Data excerpts:
........

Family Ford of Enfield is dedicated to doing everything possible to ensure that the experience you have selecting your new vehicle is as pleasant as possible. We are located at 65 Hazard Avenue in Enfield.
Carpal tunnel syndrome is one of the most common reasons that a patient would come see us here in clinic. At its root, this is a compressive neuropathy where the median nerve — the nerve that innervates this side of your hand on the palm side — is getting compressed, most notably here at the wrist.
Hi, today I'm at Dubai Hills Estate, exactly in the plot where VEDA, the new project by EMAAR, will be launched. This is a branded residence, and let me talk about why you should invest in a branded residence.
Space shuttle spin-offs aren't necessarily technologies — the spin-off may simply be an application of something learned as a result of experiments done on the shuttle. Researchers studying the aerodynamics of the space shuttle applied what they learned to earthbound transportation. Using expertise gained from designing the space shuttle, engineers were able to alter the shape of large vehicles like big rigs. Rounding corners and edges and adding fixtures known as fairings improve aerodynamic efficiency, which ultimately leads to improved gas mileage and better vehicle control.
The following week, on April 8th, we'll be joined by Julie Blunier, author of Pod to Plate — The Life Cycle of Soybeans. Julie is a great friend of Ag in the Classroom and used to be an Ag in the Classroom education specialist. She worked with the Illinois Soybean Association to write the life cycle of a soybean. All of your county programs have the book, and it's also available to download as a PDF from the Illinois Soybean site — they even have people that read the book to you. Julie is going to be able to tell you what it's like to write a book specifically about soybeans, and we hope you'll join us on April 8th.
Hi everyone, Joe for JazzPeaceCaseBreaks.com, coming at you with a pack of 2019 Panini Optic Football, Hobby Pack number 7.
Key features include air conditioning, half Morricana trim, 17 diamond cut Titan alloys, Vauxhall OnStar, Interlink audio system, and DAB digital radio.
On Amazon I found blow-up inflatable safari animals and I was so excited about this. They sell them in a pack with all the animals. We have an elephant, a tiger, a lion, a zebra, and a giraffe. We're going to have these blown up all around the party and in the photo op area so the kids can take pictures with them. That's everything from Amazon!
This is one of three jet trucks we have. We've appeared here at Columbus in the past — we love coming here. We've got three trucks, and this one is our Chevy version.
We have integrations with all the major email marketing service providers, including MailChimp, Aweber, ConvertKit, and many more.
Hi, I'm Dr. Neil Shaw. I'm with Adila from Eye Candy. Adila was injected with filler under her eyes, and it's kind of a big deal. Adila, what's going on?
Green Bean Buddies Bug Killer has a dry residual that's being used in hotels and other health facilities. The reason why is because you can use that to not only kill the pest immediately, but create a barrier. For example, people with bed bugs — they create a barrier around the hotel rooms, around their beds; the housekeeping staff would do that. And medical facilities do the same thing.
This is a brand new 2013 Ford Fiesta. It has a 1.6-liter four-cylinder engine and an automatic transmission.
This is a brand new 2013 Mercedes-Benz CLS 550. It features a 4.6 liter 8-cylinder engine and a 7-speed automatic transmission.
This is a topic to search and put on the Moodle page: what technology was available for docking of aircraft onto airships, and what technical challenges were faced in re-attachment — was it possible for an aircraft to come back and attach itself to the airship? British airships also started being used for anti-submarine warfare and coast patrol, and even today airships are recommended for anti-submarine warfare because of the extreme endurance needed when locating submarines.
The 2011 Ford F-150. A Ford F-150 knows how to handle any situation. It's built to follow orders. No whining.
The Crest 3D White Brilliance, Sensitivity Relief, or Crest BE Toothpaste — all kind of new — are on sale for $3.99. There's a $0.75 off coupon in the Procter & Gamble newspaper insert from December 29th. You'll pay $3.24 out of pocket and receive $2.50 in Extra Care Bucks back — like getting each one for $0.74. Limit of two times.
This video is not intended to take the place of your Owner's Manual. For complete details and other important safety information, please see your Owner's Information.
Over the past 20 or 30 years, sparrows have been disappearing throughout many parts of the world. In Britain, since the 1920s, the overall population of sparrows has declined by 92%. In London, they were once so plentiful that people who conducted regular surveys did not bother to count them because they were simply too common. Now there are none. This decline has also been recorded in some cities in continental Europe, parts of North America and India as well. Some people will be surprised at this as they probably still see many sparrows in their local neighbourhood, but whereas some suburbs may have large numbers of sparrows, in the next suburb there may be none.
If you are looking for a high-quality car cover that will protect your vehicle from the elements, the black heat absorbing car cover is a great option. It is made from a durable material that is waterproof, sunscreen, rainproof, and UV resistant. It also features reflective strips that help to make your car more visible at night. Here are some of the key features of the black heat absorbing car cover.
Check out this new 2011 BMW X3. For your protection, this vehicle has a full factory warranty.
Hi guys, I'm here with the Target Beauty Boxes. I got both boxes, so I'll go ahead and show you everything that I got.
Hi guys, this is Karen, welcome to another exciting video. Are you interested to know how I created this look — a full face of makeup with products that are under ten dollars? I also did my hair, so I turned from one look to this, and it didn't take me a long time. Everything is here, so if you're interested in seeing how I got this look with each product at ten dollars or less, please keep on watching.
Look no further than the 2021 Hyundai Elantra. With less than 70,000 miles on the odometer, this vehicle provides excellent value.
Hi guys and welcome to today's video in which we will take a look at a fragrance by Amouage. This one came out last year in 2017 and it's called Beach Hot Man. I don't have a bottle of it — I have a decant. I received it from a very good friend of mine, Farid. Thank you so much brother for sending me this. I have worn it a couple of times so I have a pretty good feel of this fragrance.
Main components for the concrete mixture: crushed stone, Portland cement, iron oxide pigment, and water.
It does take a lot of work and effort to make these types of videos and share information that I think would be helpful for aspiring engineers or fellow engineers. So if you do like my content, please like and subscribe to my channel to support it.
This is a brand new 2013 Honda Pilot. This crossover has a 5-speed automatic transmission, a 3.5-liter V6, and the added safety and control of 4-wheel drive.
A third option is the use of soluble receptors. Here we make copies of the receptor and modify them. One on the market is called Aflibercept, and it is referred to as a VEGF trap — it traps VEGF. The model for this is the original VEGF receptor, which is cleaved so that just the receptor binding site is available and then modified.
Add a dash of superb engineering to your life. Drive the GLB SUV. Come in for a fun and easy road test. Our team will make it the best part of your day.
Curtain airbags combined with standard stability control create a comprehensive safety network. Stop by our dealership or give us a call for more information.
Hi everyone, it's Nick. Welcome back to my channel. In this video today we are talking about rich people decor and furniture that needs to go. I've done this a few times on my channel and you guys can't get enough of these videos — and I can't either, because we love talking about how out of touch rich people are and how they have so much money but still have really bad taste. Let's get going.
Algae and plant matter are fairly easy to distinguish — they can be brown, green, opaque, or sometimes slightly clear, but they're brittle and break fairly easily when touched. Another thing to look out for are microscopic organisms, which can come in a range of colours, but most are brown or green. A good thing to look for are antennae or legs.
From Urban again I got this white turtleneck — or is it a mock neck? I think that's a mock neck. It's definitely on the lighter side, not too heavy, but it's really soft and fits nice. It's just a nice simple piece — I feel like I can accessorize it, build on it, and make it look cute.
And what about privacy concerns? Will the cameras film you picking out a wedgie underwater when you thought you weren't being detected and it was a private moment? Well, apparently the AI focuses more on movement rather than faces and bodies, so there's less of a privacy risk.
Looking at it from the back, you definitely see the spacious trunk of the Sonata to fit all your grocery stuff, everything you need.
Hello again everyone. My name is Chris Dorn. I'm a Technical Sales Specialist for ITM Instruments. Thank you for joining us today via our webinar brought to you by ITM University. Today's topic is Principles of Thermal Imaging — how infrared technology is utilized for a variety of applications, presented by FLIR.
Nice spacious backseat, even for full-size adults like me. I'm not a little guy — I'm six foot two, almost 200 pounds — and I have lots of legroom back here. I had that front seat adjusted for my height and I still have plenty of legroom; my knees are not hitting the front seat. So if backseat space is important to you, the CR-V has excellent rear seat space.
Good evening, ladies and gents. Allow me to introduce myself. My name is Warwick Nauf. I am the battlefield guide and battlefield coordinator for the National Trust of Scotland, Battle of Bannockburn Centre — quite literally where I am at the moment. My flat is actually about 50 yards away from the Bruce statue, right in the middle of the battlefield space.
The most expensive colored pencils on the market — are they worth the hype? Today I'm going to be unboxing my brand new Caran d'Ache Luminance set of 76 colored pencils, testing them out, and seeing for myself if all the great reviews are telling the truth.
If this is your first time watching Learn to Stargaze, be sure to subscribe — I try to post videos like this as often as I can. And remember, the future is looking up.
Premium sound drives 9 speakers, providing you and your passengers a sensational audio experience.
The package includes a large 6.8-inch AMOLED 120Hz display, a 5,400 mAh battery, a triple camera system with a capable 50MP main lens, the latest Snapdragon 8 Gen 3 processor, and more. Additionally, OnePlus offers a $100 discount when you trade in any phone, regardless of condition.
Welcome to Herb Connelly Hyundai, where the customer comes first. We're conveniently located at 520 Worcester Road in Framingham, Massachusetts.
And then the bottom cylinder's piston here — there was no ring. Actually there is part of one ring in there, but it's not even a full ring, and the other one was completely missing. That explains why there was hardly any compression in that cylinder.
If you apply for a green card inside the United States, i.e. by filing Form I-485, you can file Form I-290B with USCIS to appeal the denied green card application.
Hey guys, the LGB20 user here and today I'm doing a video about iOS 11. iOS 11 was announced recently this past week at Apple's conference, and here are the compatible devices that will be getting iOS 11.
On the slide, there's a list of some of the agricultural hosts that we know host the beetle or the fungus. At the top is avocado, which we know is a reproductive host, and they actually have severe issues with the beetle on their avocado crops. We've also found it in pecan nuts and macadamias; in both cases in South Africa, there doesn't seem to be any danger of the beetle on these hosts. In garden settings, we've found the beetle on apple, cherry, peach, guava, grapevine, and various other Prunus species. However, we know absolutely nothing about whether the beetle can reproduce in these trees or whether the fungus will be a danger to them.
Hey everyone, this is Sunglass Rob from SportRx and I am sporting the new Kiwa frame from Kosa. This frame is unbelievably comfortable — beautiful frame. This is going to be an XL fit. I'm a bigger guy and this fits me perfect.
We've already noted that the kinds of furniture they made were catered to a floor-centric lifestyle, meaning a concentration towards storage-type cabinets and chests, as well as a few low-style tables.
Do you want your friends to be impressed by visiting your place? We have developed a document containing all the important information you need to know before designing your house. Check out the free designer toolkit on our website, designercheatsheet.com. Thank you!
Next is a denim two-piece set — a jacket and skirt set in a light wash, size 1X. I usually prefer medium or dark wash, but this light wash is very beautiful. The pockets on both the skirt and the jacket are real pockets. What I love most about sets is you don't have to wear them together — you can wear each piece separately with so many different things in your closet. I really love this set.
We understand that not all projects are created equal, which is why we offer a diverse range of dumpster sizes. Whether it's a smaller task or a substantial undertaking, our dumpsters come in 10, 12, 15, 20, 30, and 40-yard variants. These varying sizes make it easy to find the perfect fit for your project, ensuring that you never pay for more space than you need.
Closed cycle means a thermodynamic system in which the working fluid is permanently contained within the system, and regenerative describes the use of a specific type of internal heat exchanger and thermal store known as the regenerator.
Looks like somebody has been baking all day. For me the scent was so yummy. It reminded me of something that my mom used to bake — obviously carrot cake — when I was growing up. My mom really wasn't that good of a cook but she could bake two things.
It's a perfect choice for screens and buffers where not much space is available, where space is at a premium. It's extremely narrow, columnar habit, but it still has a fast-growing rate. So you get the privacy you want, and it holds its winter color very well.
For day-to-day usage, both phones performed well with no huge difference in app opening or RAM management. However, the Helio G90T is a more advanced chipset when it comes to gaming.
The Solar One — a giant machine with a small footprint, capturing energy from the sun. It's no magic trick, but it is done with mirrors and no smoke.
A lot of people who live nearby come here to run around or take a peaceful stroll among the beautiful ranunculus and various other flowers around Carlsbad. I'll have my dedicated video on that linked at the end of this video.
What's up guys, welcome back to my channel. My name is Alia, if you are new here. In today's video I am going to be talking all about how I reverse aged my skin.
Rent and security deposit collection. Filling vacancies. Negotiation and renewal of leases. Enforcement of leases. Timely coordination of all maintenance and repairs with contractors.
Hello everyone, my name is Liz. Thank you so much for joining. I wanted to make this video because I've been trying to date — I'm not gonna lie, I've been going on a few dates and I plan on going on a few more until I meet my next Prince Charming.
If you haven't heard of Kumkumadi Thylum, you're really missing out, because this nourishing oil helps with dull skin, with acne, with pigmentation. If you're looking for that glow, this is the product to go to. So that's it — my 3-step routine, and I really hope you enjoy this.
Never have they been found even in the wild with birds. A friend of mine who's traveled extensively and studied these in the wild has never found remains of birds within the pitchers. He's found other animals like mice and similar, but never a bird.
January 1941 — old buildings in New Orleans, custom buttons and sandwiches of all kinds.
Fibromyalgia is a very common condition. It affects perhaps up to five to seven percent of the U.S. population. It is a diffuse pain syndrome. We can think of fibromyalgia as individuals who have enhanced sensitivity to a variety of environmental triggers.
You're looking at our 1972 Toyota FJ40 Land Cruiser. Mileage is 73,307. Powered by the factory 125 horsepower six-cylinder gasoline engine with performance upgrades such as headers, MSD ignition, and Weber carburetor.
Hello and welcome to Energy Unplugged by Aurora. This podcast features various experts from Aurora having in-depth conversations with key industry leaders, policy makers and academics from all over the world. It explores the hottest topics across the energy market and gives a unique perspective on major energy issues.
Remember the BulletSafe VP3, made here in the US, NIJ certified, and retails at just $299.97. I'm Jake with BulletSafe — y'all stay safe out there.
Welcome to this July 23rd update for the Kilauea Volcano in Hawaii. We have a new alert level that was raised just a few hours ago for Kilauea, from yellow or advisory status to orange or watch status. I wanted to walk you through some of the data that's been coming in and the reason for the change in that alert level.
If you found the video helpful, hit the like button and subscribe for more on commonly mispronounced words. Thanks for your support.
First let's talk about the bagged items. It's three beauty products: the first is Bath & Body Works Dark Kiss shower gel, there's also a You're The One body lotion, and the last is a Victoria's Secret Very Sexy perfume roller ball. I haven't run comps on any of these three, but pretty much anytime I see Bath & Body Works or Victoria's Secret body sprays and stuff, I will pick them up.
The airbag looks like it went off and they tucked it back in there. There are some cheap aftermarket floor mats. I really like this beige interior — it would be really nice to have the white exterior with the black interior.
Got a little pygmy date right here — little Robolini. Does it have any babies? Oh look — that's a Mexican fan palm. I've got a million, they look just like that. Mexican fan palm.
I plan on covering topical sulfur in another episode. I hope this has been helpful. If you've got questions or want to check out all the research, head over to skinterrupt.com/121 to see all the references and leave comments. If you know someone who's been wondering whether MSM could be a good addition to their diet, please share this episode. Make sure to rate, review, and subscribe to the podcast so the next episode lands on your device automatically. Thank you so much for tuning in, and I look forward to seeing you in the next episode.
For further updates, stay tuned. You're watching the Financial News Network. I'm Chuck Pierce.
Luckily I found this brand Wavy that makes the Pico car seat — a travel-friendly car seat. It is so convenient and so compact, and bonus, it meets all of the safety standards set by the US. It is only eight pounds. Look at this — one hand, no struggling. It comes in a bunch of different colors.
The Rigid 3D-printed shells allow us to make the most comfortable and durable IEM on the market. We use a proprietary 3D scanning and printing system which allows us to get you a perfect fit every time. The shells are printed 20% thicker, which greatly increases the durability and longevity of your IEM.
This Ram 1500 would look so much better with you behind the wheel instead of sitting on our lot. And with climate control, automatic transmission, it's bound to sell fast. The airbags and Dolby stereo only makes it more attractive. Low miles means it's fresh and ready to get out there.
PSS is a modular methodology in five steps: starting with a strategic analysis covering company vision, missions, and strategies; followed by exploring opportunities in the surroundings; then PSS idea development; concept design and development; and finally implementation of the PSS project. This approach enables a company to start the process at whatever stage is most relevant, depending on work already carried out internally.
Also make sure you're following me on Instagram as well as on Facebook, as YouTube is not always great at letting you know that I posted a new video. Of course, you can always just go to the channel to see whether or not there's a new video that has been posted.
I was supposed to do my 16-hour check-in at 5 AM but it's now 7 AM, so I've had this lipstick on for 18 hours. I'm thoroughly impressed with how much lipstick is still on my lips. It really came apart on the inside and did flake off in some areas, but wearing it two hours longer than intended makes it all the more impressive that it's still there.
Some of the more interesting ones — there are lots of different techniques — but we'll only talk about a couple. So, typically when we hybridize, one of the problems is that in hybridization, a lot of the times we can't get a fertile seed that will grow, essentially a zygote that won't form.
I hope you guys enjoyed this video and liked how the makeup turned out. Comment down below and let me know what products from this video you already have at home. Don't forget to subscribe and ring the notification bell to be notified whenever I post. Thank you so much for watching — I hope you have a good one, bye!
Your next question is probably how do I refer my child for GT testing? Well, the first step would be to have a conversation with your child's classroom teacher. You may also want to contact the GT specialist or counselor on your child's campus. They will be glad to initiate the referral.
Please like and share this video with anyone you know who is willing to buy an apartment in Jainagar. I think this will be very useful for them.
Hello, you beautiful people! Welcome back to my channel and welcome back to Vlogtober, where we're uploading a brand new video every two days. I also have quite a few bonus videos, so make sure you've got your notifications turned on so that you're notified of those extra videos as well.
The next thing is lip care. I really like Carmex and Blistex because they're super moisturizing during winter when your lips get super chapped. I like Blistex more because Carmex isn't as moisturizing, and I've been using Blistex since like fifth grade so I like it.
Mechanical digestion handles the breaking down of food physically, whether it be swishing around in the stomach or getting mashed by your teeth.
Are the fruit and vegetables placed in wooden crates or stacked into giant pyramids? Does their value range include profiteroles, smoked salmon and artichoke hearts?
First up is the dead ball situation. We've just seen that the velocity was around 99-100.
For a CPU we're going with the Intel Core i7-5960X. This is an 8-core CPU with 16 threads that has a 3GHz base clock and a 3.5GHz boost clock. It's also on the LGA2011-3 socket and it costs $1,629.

........

• **YOUR TASK**: After locating the line with "The next thing" in the records above, please set down that line and all later ones exactly, and no other line.

• **RESPONSE TO THIS EXERCISE**:
The next thing is lip care. I really like Carmex and Blistex because they're super moisturizing during winter when your lips get super chapped. I like Blistex more because Carmex isn't as moisturizing, and I've been using Blistex since like fifth grade so I like it.
Mechanical digestion handles the breaking down of food physically, whether it be swishing around in the stomach or getting mashed by your teeth.
Are the fruit and vegetables placed in wooden crates or stacked into giant pyramids? Does their value range include profiteroles, smoked salmon and artichoke hearts?
First up is the dead ball situation. We've just seen that the velocity was around 99-100.
For a CPU we're going with the Intel Core i7-5960X. This is an 8-core CPU with 16 threads that has a 3GHz base clock and a 3.5GHz boost clock. It's also on the LGA2011-3 socket and it costs $1,629.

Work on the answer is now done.